__Work instructions__:
Ignoring every picture, return the lines of the listing below word for word, from the line that holds "Свитшот хлопковый мужской" through the line that holds "Golden Crispy Hush".

__Input for this task__:
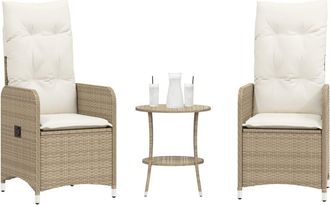vidaXL Sillones Reclinables De Jard&iacute;n Con Mesa 2 Uds Rat&aacute;n Pe Beige Vidaxl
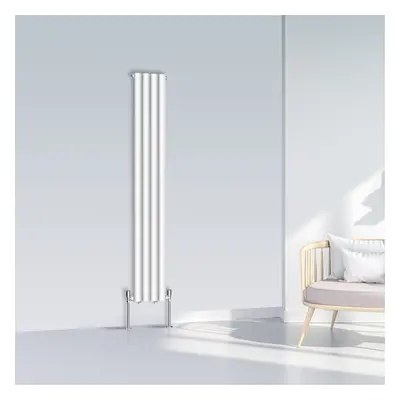 (1600x236mm Single, White) NRG Oval Column Designer Radiator Horizontal Vertical Central Heating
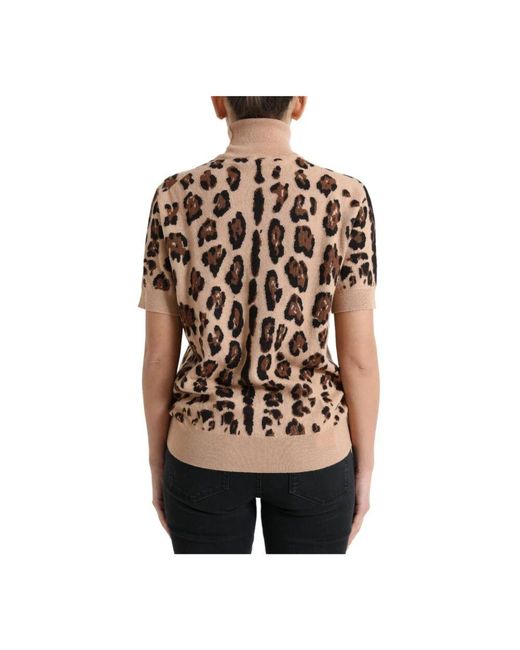 Dolce & Gabbana Black Leopard Print Wool Turtleneck Top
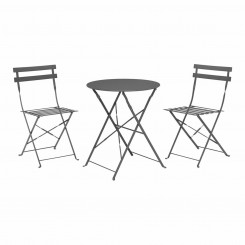 Table Set with 2 Chairs IPAE Progarden Bistró Folding Anthracite Gray (3 Pieces, Parts)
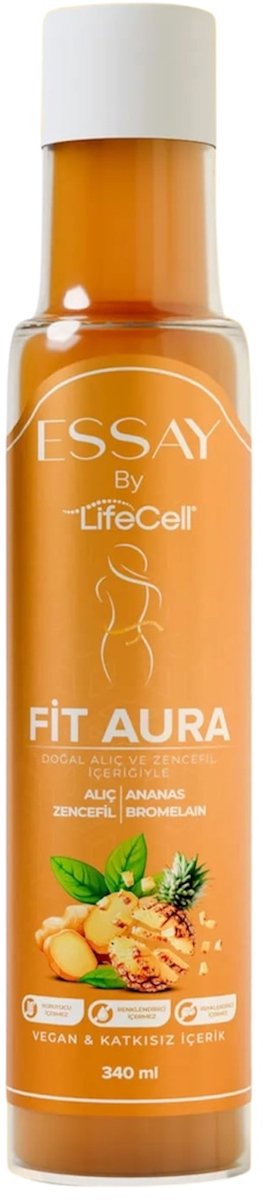 LifeCell Essay Fit Aura - Ananas, Gember, Meidoorn & Bromelaïne - Vegan - 340 ml Esra Ezmeci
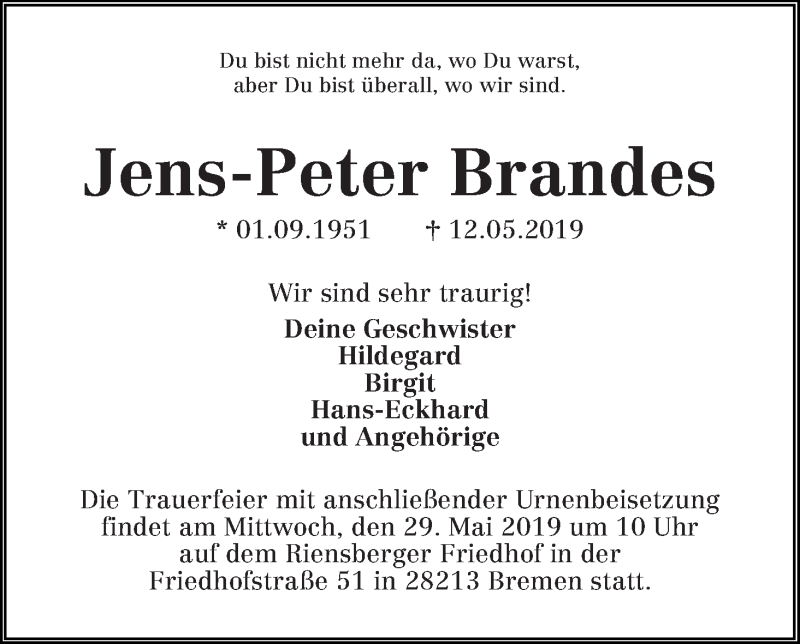 Traueranzeige von Jens-Peter Brandes von WESER-KURIER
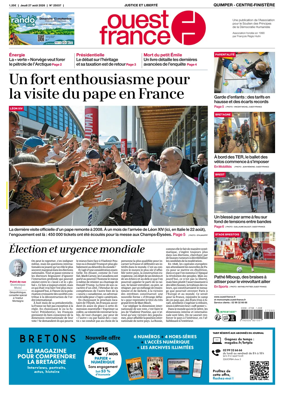 Cover of Ouest-France (Quimper Centre-Finistere)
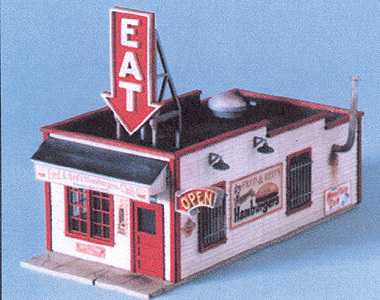 Blair Line 90 Fred & Red's Hamburgers -- Kit - 1-1/8 x 2-1/2" 2.9 x 6.4cm, N Scale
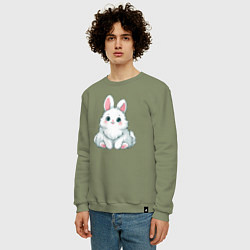 Свитшот хлопковый мужской Пушистый аниме кролик, цвет: авокадо — фото 2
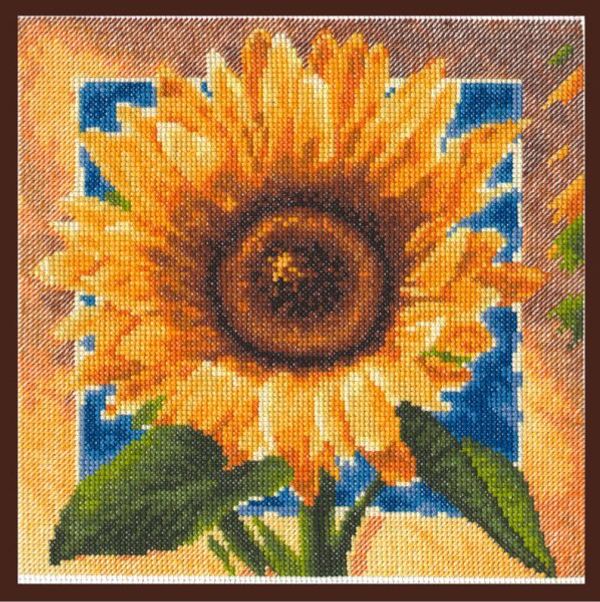 Набор для вышивания нитками Палитра, Золотые лепестки 20х20 см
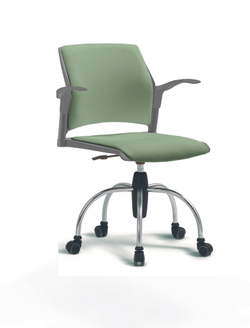 Кресло Rewind каркас хромированный, пластик серый, база паук хромированная, с открытыми подлокотниками, сидение и спинка бледно-зеленое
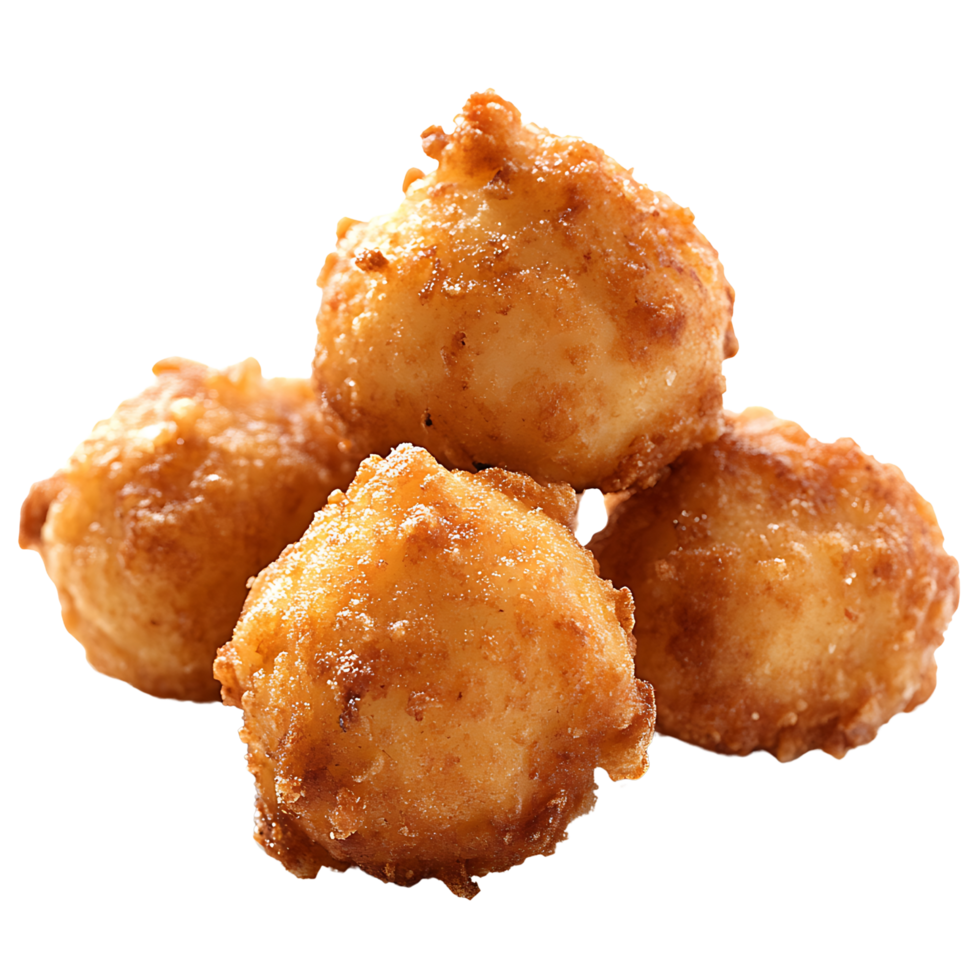 Golden Crispy Hush Puppies Isolated on Transparent Background png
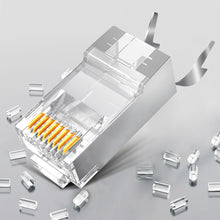 Load image into Gallery viewer, RJ45 Cat8 Cat7 &amp; Cat6A Pass Through connectors 8P8C 50UM Gold Plated Shielded FTP/STP | RJ45 Network Modular Plug - 1.5mm
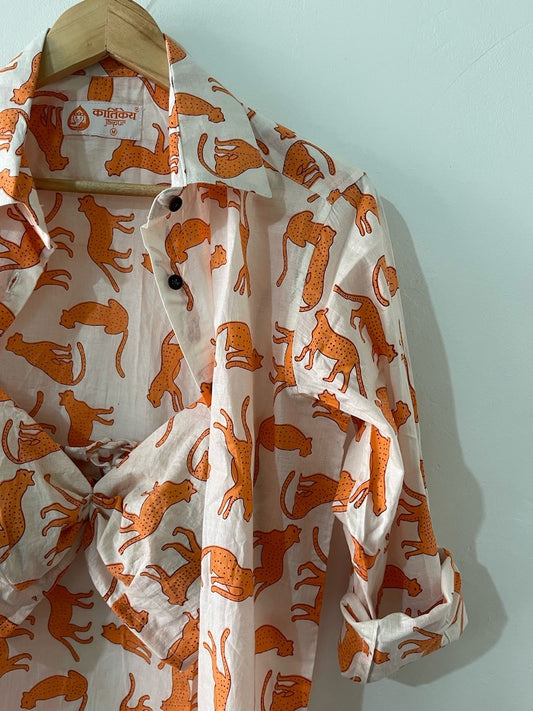 Jungle Print Women Oversized Shirt with Bralette Combo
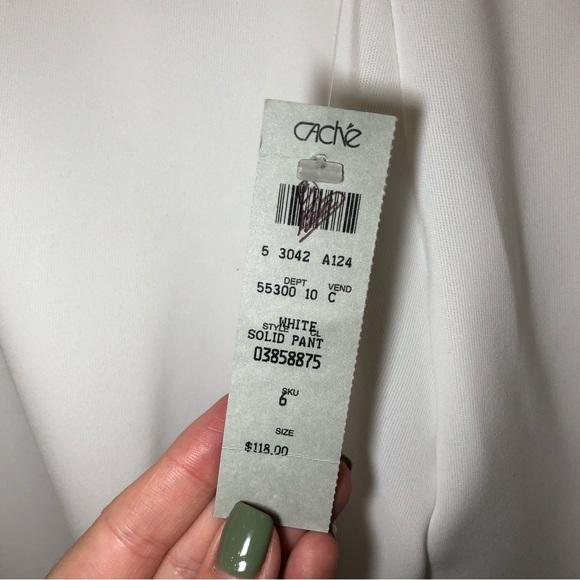 NWT Cache split front white pants | wedding | bride | tuxedo  | formal | Sz 6 - Picture 7 of 16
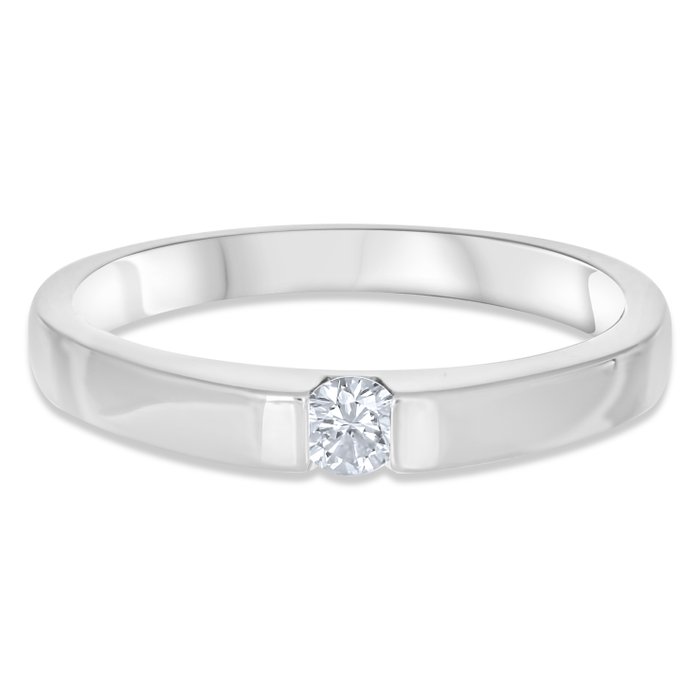 Ring - 18 kraat Hvidguld -  0.13ct. tw. Diamant (Natur)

__Task response__:
 Свитшот хлопковый мужской Пушистый аниме кролик, цвет: авокадо — фото 2
 Набор для вышивания нитками Палитра, Золотые лепестки 20х20 см
 Кресло Rewind каркас хромированный, пластик серый, база паук хромированная, с открытыми подлокотниками, сидение и спинка бледно-зеленое
 Golden Crispy Hush Puppies Isolated on Transparent Background png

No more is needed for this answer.